From a myriad of literary viewpoints, Frankenstein is extraordinarily ahead of its times. However, the novel additionally demonstrates progressiveness outside of the literary field, where the perspective of criminal psychology suggests the novel had deep insights, and even revelations, about the human psyche.
Psychology at the time of writing was in its earliest disciplines, and only just developing into a science rather than philosophy; it was decades later when the work of famed psychologist, Cesare Lombroso, would show Shelley’s psychological observations as far advanced beyond her years. Whilst this article is not suggesting that Mary Shelley predated psychological explanations for the criminal, it does link the interesting coincidences between assumptions made regarding her protagonist, Frankenstein’s monster, and assumptions made over half a century later by Lombroso in his work on Atavistic form.
The Atavistic form was proposed and developed by Lombroso predominately in the late nineteenth century, inspired by Darwin’s theory of evolution, even though he ‘did not really understand the mechanisms (variation and natural selection) proposed’. Through his misunderstanding, he began to apply Darwinian evolution in retrograde to anthropology, specifically criminology, proposing that the criminal was an evolutionary ‘throwback’ linked to the primitive man and distinguished by the atavistic features of such.
It is clear that Lombroso, intentionally or not, exploited a common weakness of humankind
This form was based on the premise that a criminal was ‘practically a special species, a subspecies, of man’, resulting in a comprehensive list of features, including ‘deviation in head size and shape from the type common to the race… excessive dimensions of jaw and cheekbones; eye defects and peculiarities; ears of unusual size, or occasionally very small, or standing out from the head as do those of the chimpanzee; nose twisted, upturned or flattened in thieves, or aquiline and beaklike in murderers, or with a tip rising like a peak from swollen nostrils; lips fleshy, swollen, and protruding…’ the list continues in a similar fashion.
Whilst Lombroso’s work was praised at the time, much of his work is today regarded in little esteem due to flawed research methods — his evidence would never be enough in modern psychology to prove this point, and today explanations for environmental and biological factors influencing criminal behaviour are being explored at a much more complex level than distinguishing facial features.
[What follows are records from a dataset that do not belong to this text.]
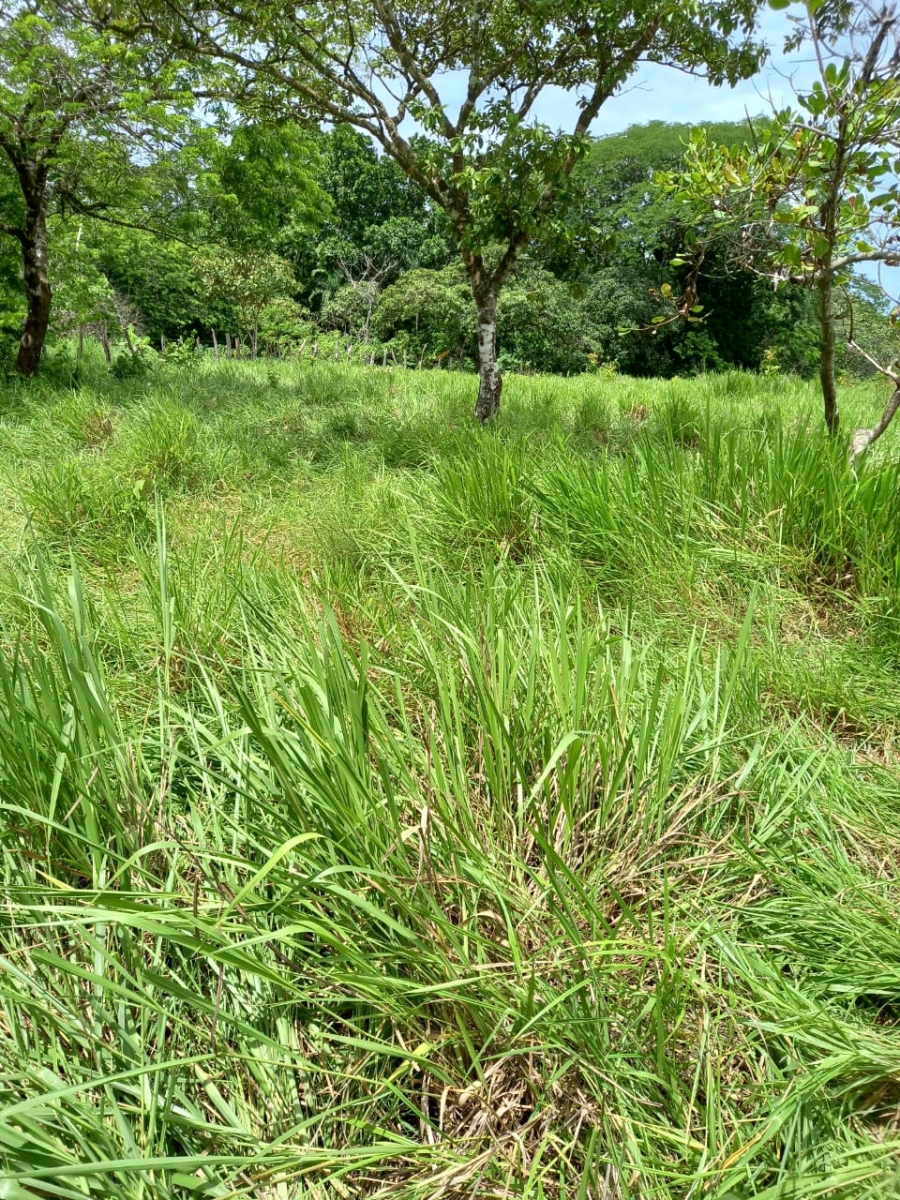 48 hectares titled farmland near Interamerican highway in San Juan, Chiriqui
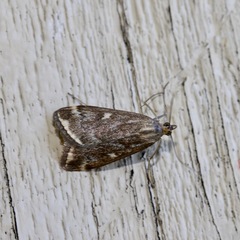 Loxostege sticticalis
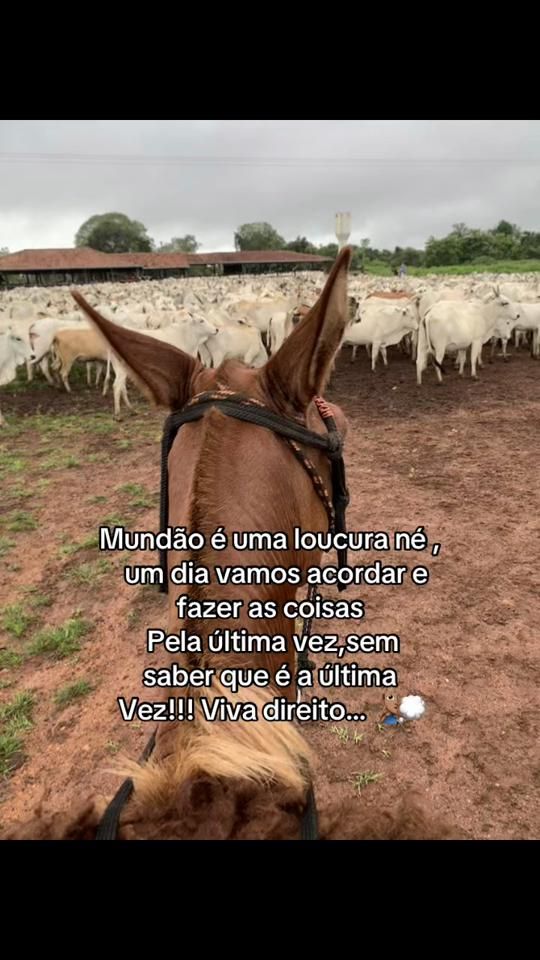 TikTok video thumbnail by soares174
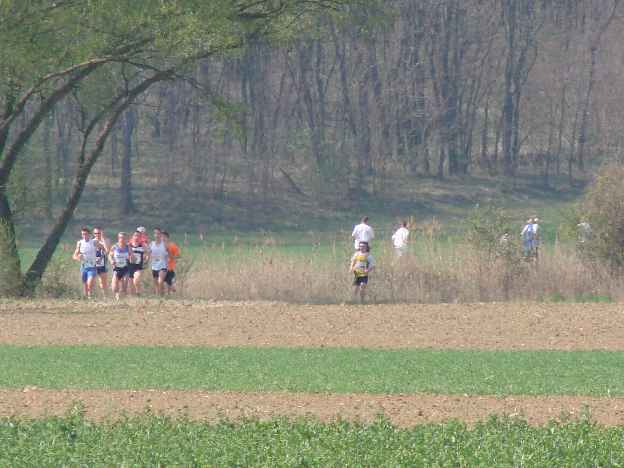 lauf2008_355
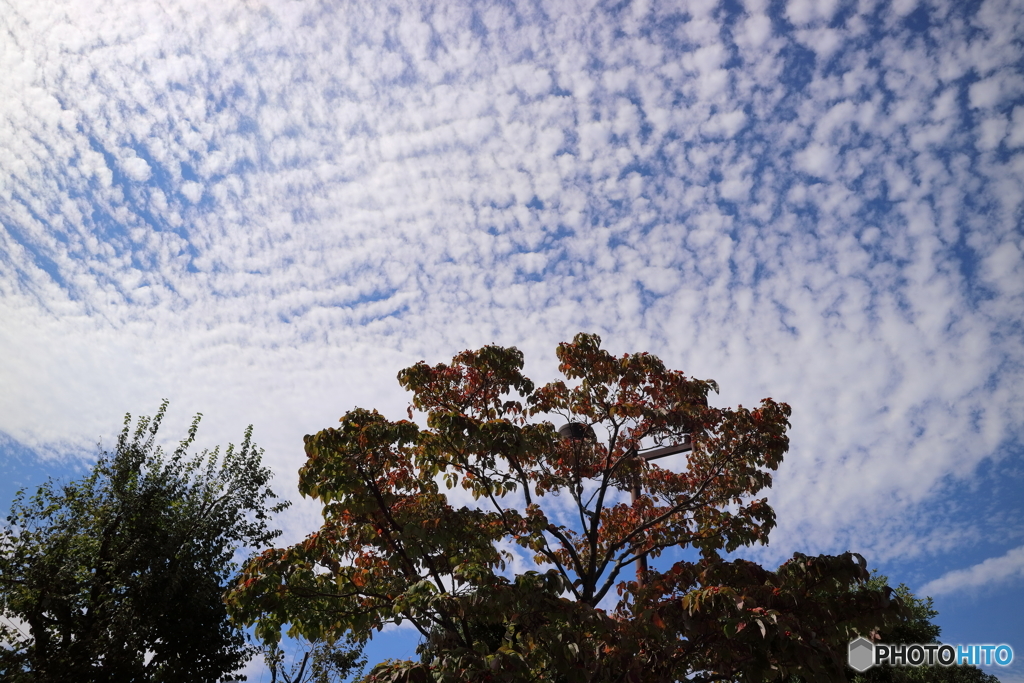 空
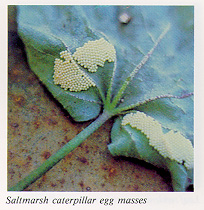 Saltmarsh caterpillar egg masses
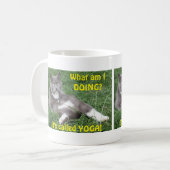 Mok Cat Yoga (Voorkant links)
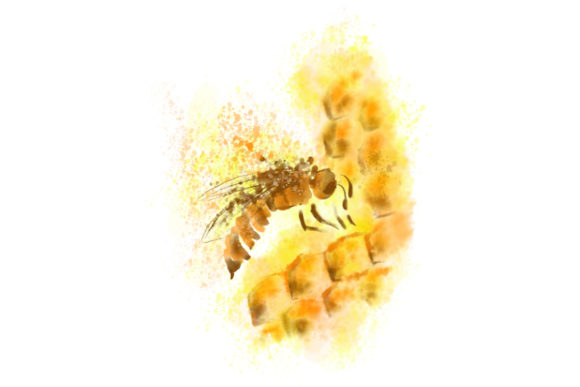 Watercolor Bee Hive: Organic Illustrations for Brands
Even in Lombroso’s own time, he studied a group of Italian convict’s photographs and created a detailed criminal profile for each, failing to realise until after the results were published that the photographs had been sent by mistake, and were, in fact, a collection of applicants to the Italian police force.
It is clear that Lombroso, intentionally or not, exploited a common weakness of humankind: to judge based singularly on appearance, a weakness which was painstakingly explored fifty years earlier in Mary Shelley’s Frankenstein. In fact, Frankenstein’s monster is a writer’s epitome of a ‘sub-species’ of human, defined on numerous occasions as ‘daemon’ and far ‘more hideous than belongs to humanity’, which presents him as the perfect candidate to be the criminal of the novel, as Lombroso would suggest. Yet, coincidentally, through Frankenstein alone Lombroso is debunked almost a century before his ideas would truly be disproven, after his death in the early twentieth century.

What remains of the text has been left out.